By Paul Rigby
Second in a two-part series. Click to read part one.
In 1980, when UK punk band The Jam sang “the public gets what the public wants,” they were—in true punk spirit—questioning how much a person really benefits from policies made in the interest of “public value.” That is, can across-the-board rules that are created by a powerful minority and based on what they believe the average person needs really serve everyone? That’s my interpretation of the lyrics in “Going Underground,” anyway.
The answer more than 35 years ago was “no,” and it’s the same today. However, the difference between then and now is that consideration for the individual is no longer flatly dismissed as a radical punk ideal, but instead is regarded as the key to business success and longevity. Who knew punk was so visionary?
In business, evidence of the individual’s growing influence is everywhere—including the consumerization of technology, and in the emphasis on personalization and customer experience.
In a recent post, we explored how we got to “today,” and what that very personalized “today” looks like. But what about the future? How can business leaders ensure their organizations stay competitive? Here are four things to consider:
1. Behold the “Me Generation”
With regard to customer experience, the power today is no longer just in the hands of those rich enough to buy it (to paraphrase The Clash circa 1977). The Voice of the Customer will become the Voice of Me, and personalization will lead to more bespoke experiences in the enterprise.
The Voice of the Customer will become the Voice of Me, and personalization will lead to more bespoke experiences in the enterprise.
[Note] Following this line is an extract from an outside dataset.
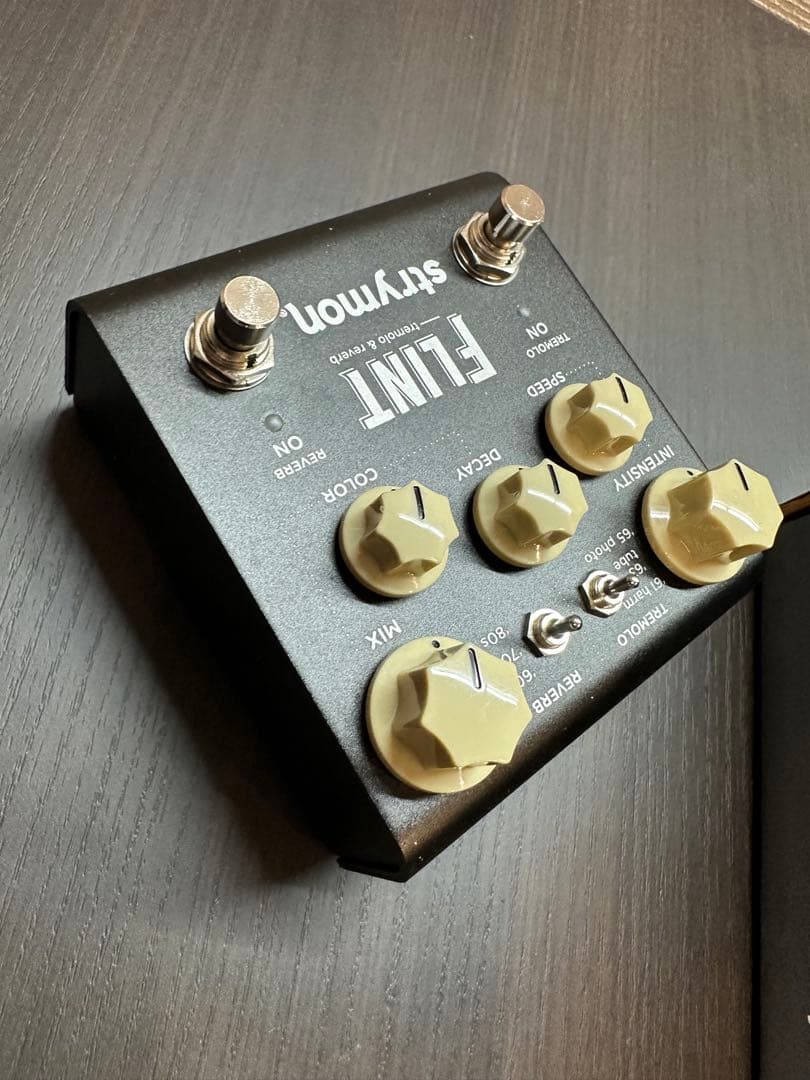 strymon FLINT v2 トレモロ & リバーブ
With the wealth of data available and use of predictive modeling, companies (like ours) can gain a deep understanding of their clients, but also of individual customers too, and can anticipate their needs with better precision.
2. Analytics will create competitive advantage
Data, on its own, does not provide the advantage. It’s what you do with it that makes a difference. Analytics can provide you with an understanding of actual customer behavior and needs, but it can also enable you to predict with a high degree of accuracy what customers will do next. Companies that take steps to incorporate analytics into every business decision will have the competitive advantage.
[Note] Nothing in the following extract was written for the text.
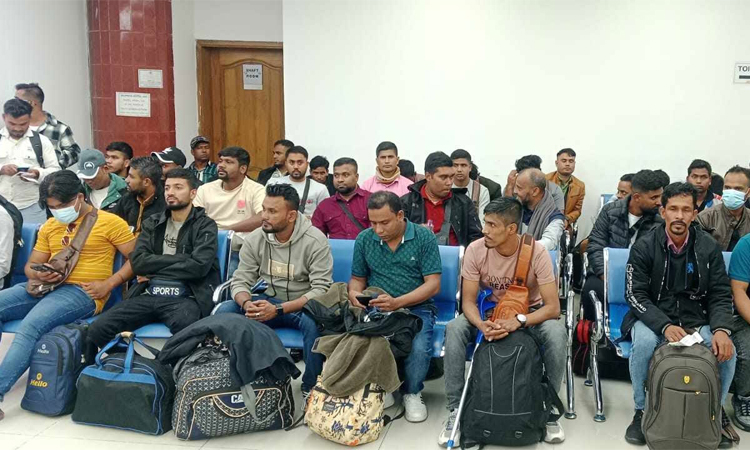 লেবানন থেকে ফিরলেন আরও ৭০ বাংলাদে‌শি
3. Apps will soon become the end-to-end arbiters of customer experience
More than 2 billion people worldwide will have a smart device in 2016, and those users will spend the majority of their time using apps. However, simply having an app is not enough. Companies must provide meaningful mobile experiences—they need to build apps that are based on sound mobile strategies and a deep understanding of customers. An app should be easy to use, and should provide relevant content and capabilities.
Companies that meet the Me Generation’s expectations will stand out. Those that fail to do so will fade.
4. Wear your heart on your sleeve
Not only are people getting mobile, they are also increasingly wearing their tech. Recent research suggests that over the next several years, we will continue to see double-digit growth in the number of Americans using wearable devices. Currently, about 16 percent of the U.S. population uses wearable tech—that figure is expected to double by 2018. Organizations will need to work toward bringing consistency of services across multiple digital connection points.
Although the world has changed considerably since The Jam released “Going Underground,” the song’s message is as relevant in 2016 as it was in 1980, perhaps even more so. In today’s world—in the enterprise and outside of it—one size fits very few. Rather, the individual increasingly holds the power. It’s time for business leaders to start recognizing it.